- [DATA FOR PROCESSING]

*** Begin section ***

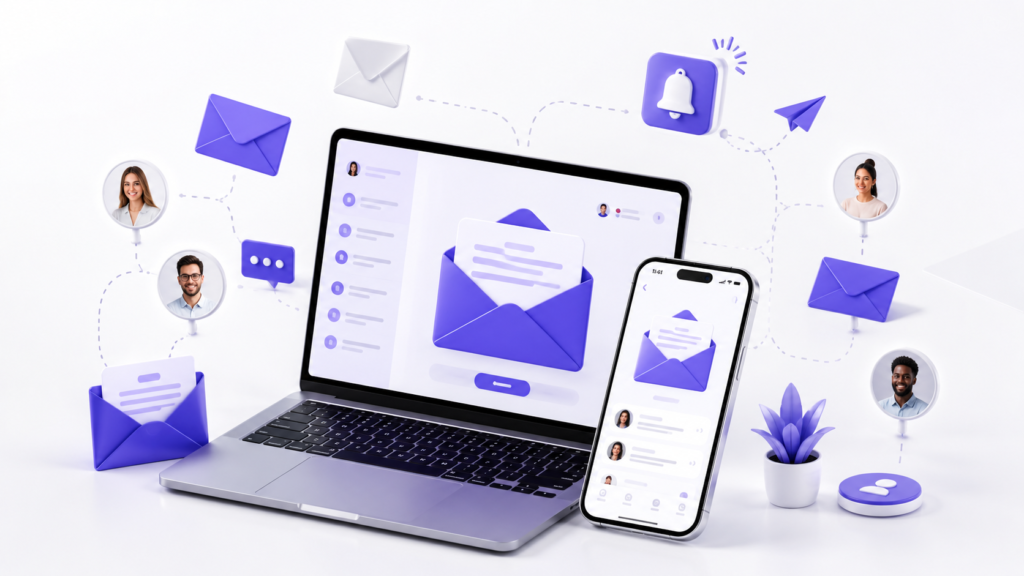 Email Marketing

*** End section ***
*** Begin section ***

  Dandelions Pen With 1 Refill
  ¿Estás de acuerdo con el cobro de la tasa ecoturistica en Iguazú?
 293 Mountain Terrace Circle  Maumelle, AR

*** End section ***

- [WHAT THE TASK ASKS]
What do the lines above say from the one containing "ecoturistica en Iguazú?" down to the one containing "293 Mountain Terrace"? Return them exactly, both end lines included, and only them.

- [RESPONSE BELOW]
  ¿Estás de acuerdo con el cobro de la tasa ecoturistica en Iguazú?
 293 Mountain Terrace Circle  Maumelle, AR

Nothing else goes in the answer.